Task objective: Only the pictures should be left out; repeat the rest of the data exactly.

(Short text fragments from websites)
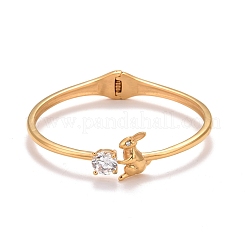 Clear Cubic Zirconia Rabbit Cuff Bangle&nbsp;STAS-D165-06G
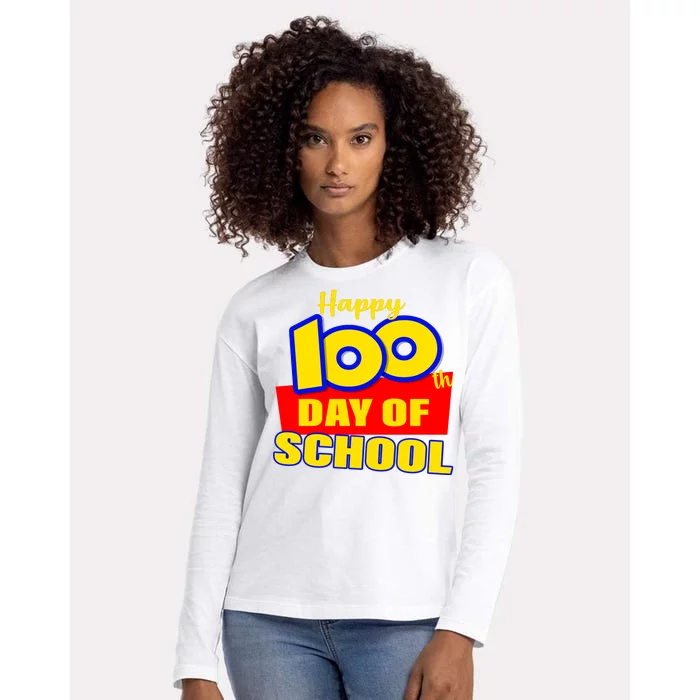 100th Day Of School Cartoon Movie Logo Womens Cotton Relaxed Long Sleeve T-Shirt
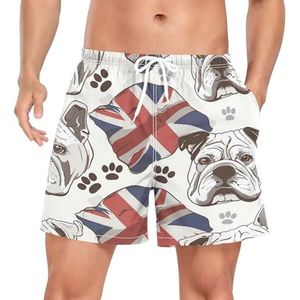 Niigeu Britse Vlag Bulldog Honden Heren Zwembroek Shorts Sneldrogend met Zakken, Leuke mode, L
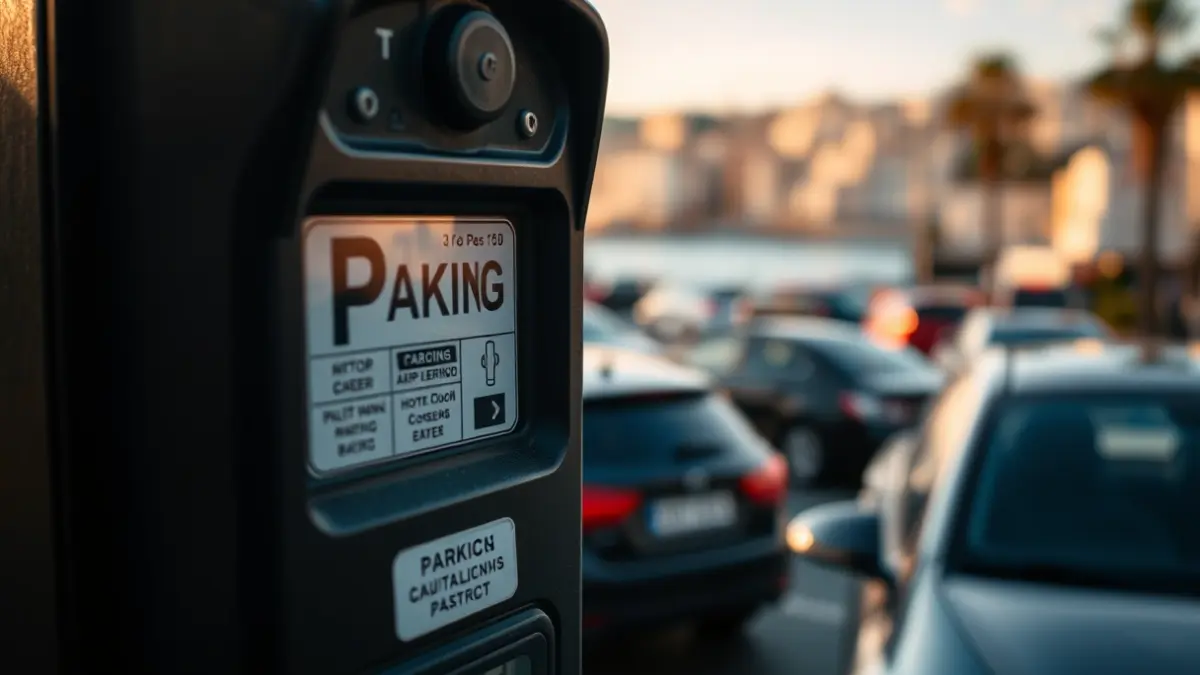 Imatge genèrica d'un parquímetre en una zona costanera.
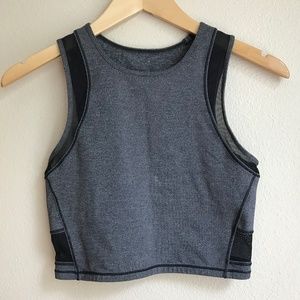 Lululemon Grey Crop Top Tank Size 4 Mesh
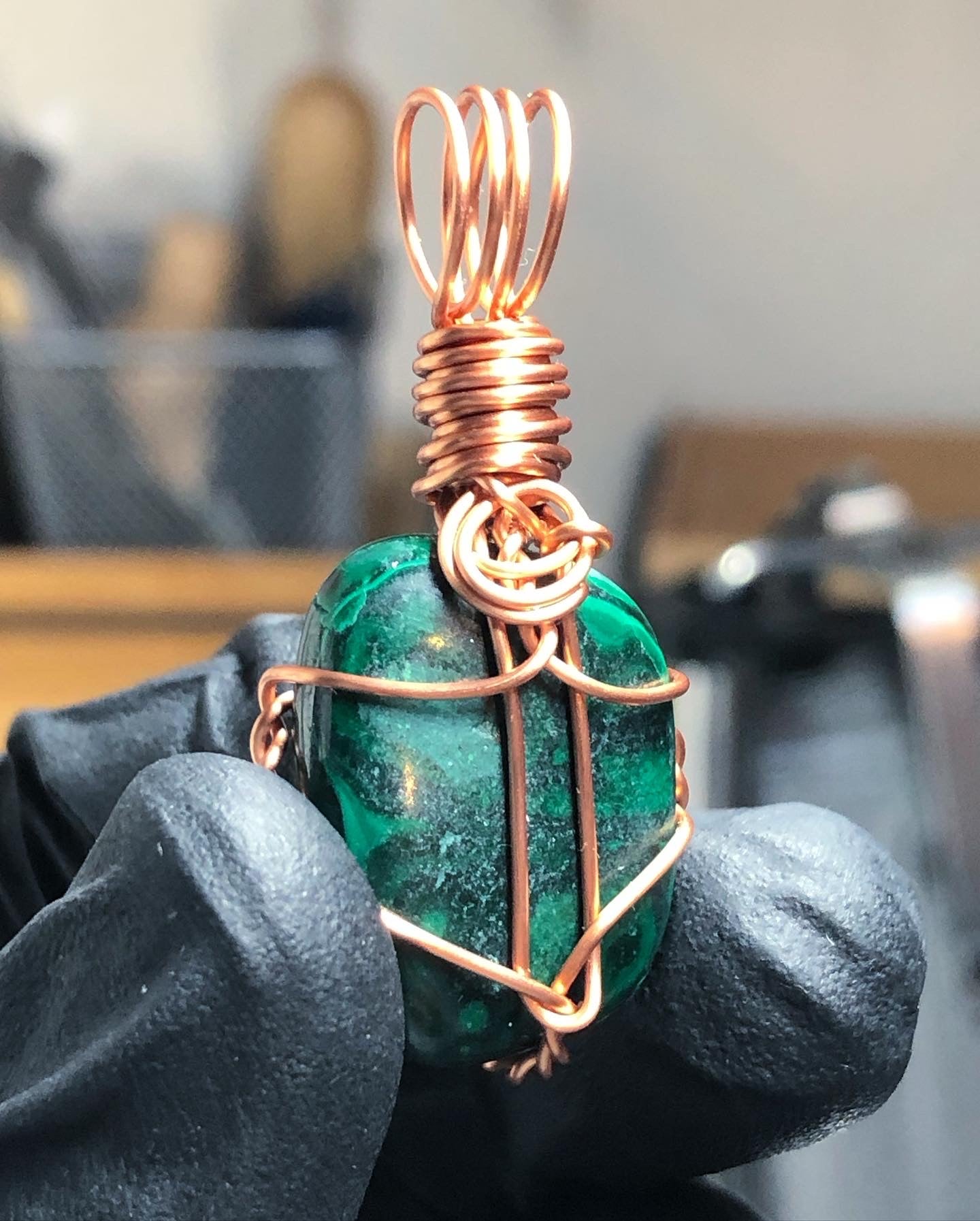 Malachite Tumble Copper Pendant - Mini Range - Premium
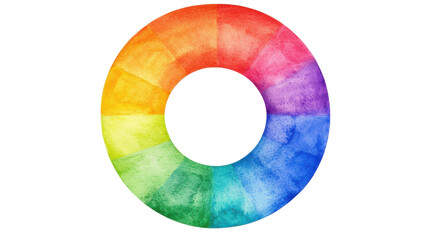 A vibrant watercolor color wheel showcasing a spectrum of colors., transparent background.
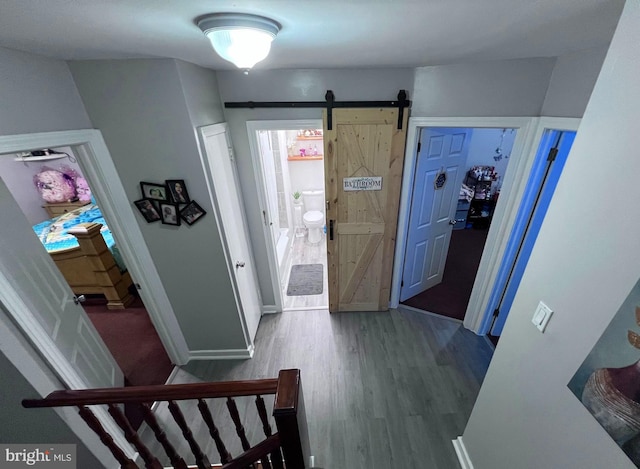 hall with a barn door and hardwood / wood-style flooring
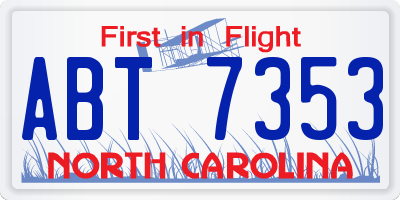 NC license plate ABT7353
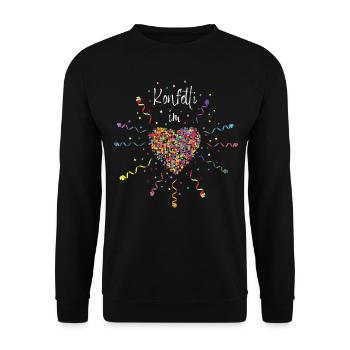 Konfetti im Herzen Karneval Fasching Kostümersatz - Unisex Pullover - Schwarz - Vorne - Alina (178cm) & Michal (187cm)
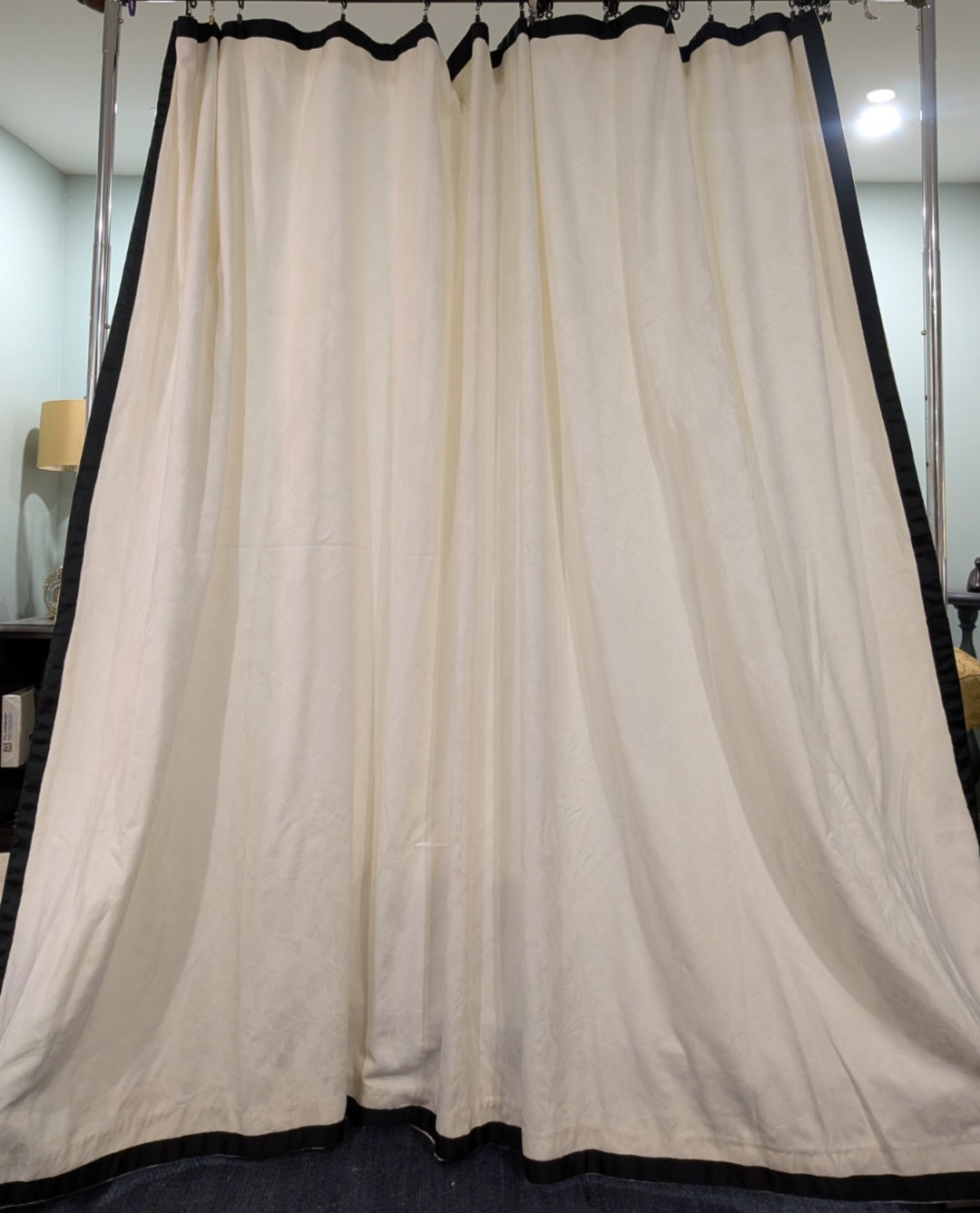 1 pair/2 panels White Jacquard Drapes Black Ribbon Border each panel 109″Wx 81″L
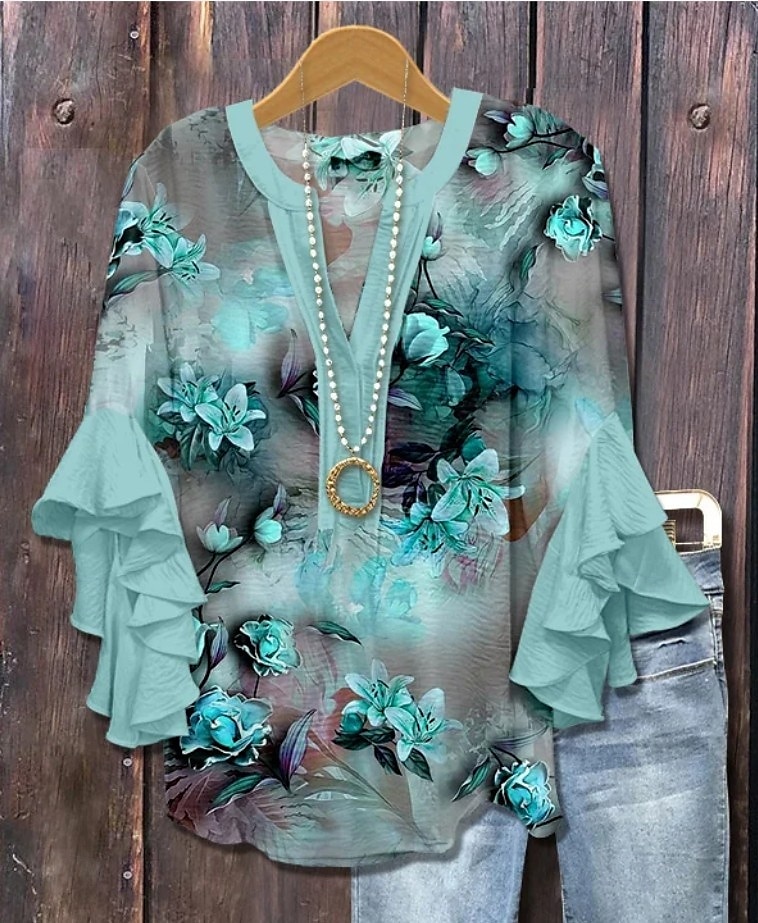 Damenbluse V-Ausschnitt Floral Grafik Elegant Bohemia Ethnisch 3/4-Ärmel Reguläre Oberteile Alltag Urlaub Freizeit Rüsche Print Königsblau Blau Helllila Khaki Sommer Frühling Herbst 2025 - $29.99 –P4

Task solution:
 Clear Cubic Zirconia Rabbit Cuff Bangle&nbsp;STAS-D165-06G
 100th Day Of School Cartoon Movie Logo Womens Cotton Relaxed Long Sleeve T-Shirt
 Niigeu Britse Vlag Bulldog Honden Heren Zwembroek Shorts Sneldrogend met Zakken, Leuke mode, L
 Imatge genèrica d'un parquímetre en una zona costanera.
 Lululemon Grey Crop Top Tank Size 4 Mesh
 Malachite Tumble Copper Pendant - Mini Range - Premium
 A vibrant watercolor color wheel showcasing a spectrum of colors., transparent background.
 hall with a barn door and hardwood / wood-style flooring
 NC license plate ABT7353
 Konfetti im Herzen Karneval Fasching Kostümersatz - Unisex Pullover - Schwarz - Vorne - Alina (178cm) & Michal (187cm)
 1 pair/2 panels White Jacquard Drapes Black Ribbon Border each panel 109″Wx 81″L
 Damenbluse V-Ausschnitt Floral Grafik Elegant Bohemia Ethnisch 3/4-Ärmel Reguläre Oberteile Alltag Urlaub Freizeit Rüsche Print Königsblau Blau Helllila Khaki Sommer Frühling Herbst 2025 - $29.99 –P4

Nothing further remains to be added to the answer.